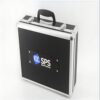 Profilatore termico KIC SPS 9ch Profilatore termico KIC SPS 9ch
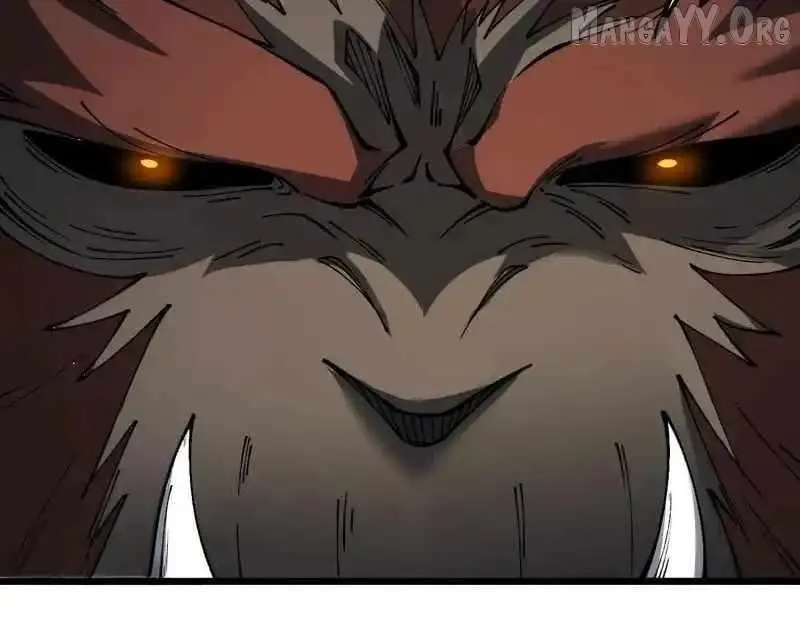 From Goblin To Goblin God Chapter 86 - Page 16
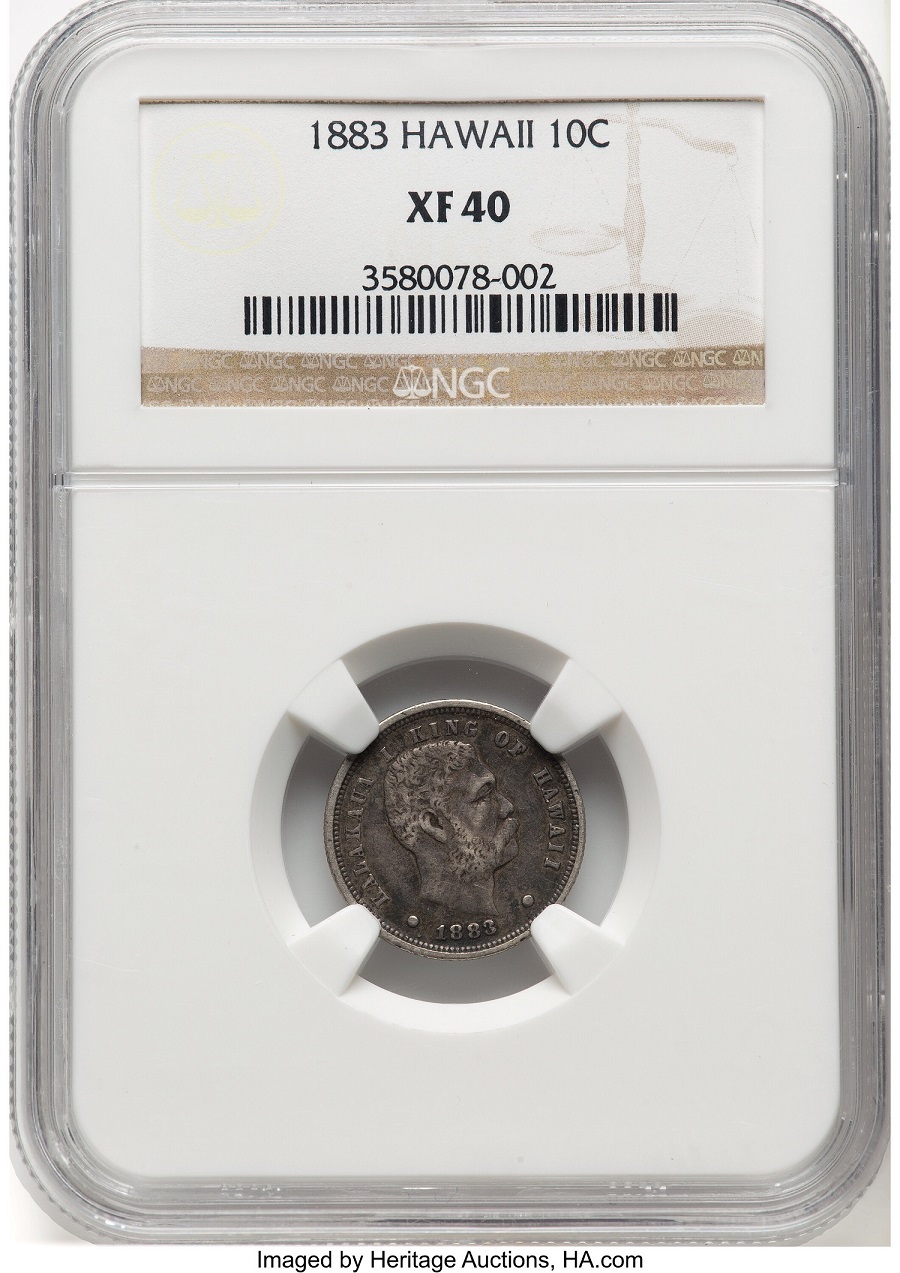 All-Members,-Post-Your-Most-Recent-US-Coin-Purchases!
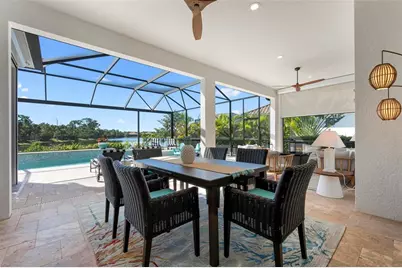 104 N Cayman Isles Boulevard, Englewood, FL 34223 - Photo 54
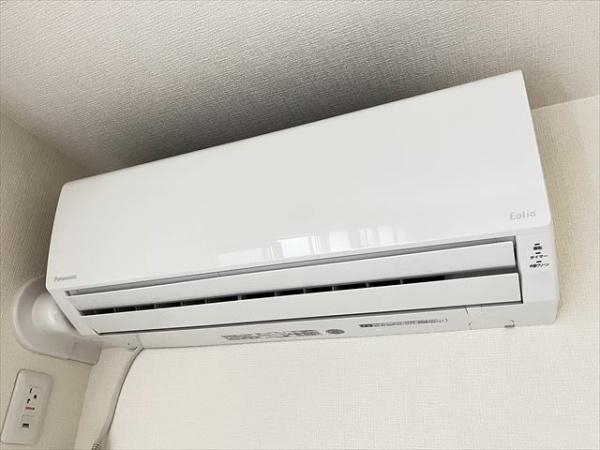 アスカテラス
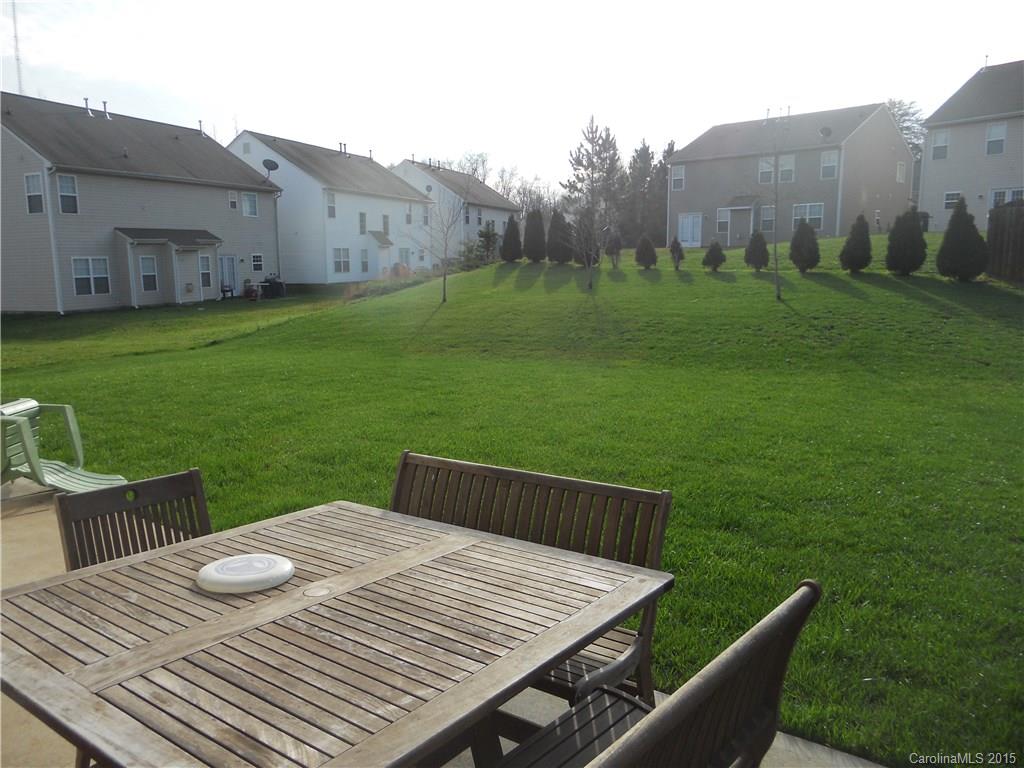 Old Stone Crossing - Residential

= = =

Try it
Only the lines from the line that contains "104 N Cayman" through the end of the entries are to be written out, exactly and without pictures, both ends included.

Final answer
 104 N Cayman Isles Boulevard, Englewood, FL 34223 - Photo 54
 アスカテラス
 Old Stone Crossing - Residential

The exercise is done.